Start of RECORDS SUPPLIED

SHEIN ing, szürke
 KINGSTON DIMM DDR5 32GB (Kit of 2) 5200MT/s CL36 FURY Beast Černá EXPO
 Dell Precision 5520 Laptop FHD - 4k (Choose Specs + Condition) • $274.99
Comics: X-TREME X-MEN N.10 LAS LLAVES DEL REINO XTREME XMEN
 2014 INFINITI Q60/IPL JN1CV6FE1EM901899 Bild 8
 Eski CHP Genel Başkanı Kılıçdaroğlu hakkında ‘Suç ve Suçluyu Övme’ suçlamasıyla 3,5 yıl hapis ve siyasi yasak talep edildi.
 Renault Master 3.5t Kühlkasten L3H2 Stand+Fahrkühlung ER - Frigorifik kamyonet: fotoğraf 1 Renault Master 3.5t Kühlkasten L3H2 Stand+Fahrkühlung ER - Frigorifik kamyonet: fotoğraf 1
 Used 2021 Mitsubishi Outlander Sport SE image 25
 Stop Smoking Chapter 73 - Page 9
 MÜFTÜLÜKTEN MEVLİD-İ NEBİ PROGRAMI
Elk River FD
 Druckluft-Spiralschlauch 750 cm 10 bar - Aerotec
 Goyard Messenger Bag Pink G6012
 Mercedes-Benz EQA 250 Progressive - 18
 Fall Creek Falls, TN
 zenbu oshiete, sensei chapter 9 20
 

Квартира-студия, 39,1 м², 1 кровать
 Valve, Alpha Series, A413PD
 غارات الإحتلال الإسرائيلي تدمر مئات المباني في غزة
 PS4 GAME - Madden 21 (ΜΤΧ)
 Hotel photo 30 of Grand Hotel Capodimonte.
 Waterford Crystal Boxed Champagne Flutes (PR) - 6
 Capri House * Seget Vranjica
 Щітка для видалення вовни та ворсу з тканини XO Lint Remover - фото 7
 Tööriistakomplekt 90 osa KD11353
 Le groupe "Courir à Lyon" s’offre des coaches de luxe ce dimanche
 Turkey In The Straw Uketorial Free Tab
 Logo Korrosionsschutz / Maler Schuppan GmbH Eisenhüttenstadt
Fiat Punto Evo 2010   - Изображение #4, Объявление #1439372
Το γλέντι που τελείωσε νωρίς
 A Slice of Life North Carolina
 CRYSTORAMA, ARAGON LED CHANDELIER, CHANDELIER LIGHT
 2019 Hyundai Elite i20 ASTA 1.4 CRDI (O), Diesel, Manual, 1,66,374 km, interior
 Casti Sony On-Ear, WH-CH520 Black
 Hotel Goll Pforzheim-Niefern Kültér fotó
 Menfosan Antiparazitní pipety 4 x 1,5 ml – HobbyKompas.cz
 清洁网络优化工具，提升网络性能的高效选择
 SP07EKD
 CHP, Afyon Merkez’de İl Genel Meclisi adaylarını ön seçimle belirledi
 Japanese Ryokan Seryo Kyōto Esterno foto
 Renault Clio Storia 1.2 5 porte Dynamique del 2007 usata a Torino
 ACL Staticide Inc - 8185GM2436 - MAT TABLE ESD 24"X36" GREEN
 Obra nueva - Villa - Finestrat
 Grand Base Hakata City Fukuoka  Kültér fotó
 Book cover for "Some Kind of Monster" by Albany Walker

End of RECORDS SUPPLIED

*WORK ITEM*.
Whenever a line above has the word "fotó" in it, copy that line.

*RESPONSE TO THE EXERCISE*.
 Hotel Goll Pforzheim-Niefern Kültér fotó
 Grand Base Hakata City Fukuoka  Kültér fotó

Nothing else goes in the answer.